* **ACTIVITY**: Would you transcribe the data word for word?

* **SUPPLIED DATA**:
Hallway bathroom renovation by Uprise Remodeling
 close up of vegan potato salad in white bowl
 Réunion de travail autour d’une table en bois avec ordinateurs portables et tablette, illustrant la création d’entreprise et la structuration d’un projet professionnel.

* **OUTPUT FOR THIS TASK**:
Hallway bathroom renovation by Uprise Remodeling
 close up of vegan potato salad in white bowl
 Réunion de travail autour d’une table en bois avec ordinateurs portables et tablette, illustrant la création d’entreprise et la structuration d’un projet professionnel.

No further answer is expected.